++++ LISTED RECORDS

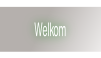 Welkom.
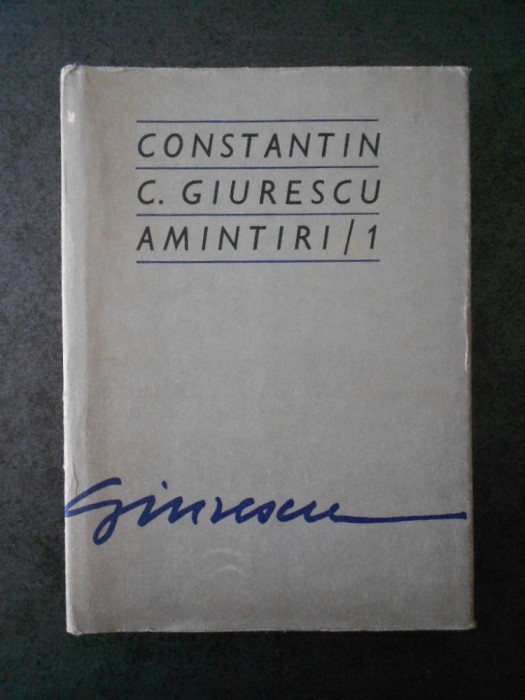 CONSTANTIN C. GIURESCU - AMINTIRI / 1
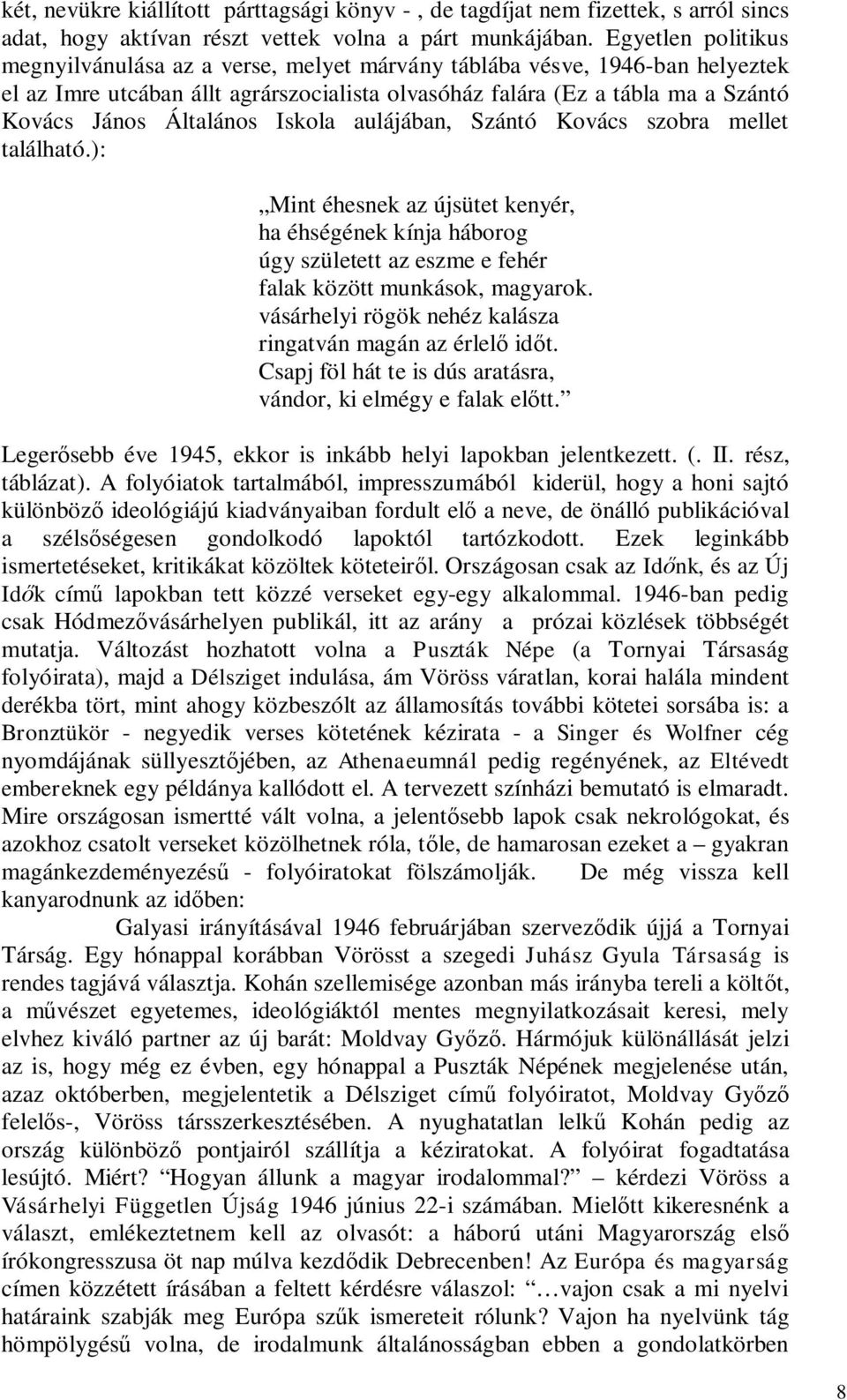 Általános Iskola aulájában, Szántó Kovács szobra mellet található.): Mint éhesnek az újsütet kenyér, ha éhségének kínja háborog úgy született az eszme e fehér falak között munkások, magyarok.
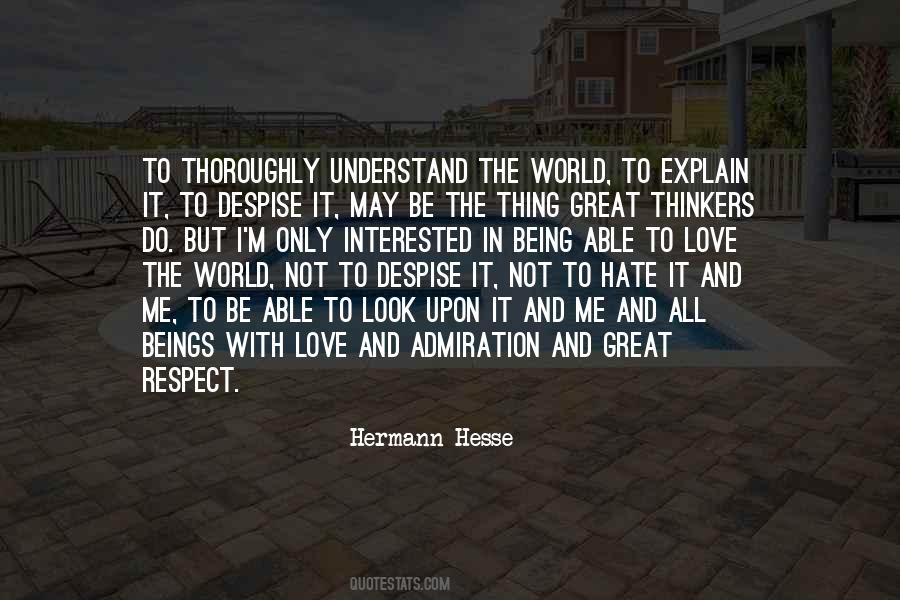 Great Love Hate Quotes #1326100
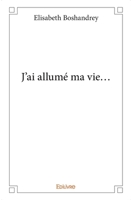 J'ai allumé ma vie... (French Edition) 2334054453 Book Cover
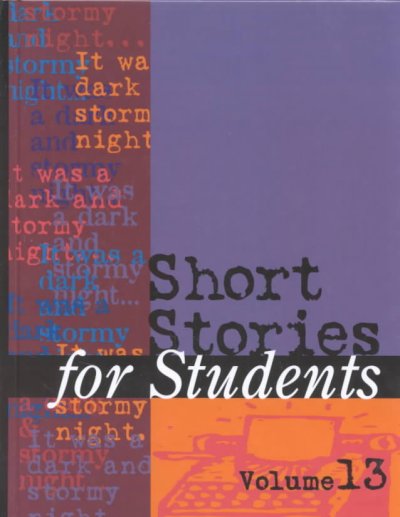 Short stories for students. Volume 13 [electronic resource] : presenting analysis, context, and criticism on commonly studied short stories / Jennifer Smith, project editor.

++++++++
++++ LISTED RECORDS

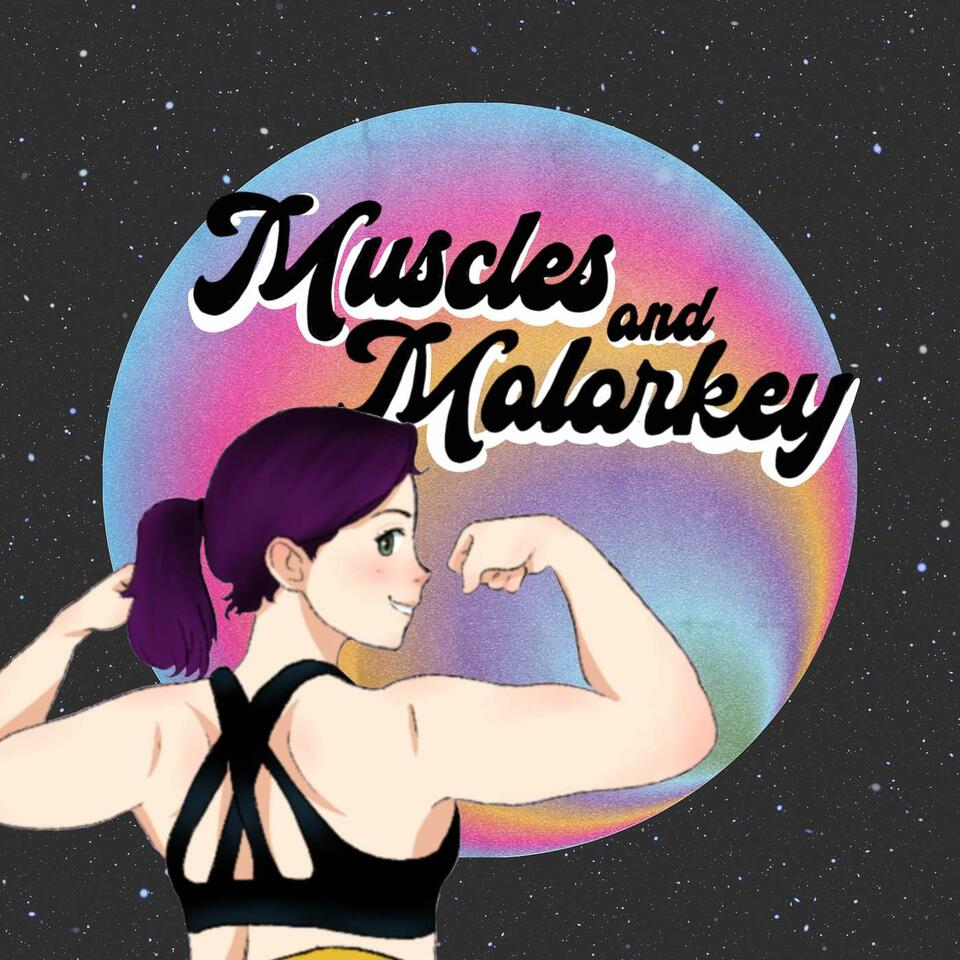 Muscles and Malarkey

++++++++

**TASK REQUIREMENTS**
Keep to the stretch from the line containing "CONSTANTIN C. GIURESCU - AMINTIRI / 1" through the line containing "Great Love Hate Quotes #1326100", both ends included, and copy it exactly from the listing above, minus the pictures.

**TASK OUTPUT**
 CONSTANTIN C. GIURESCU - AMINTIRI / 1
 Általános Iskola aulájában, Szántó Kovács szobra mellet található.): Mint éhesnek az újsütet kenyér, ha éhségének kínja háborog úgy született az eszme e fehér falak között munkások, magyarok.
 Great Love Hate Quotes #1326100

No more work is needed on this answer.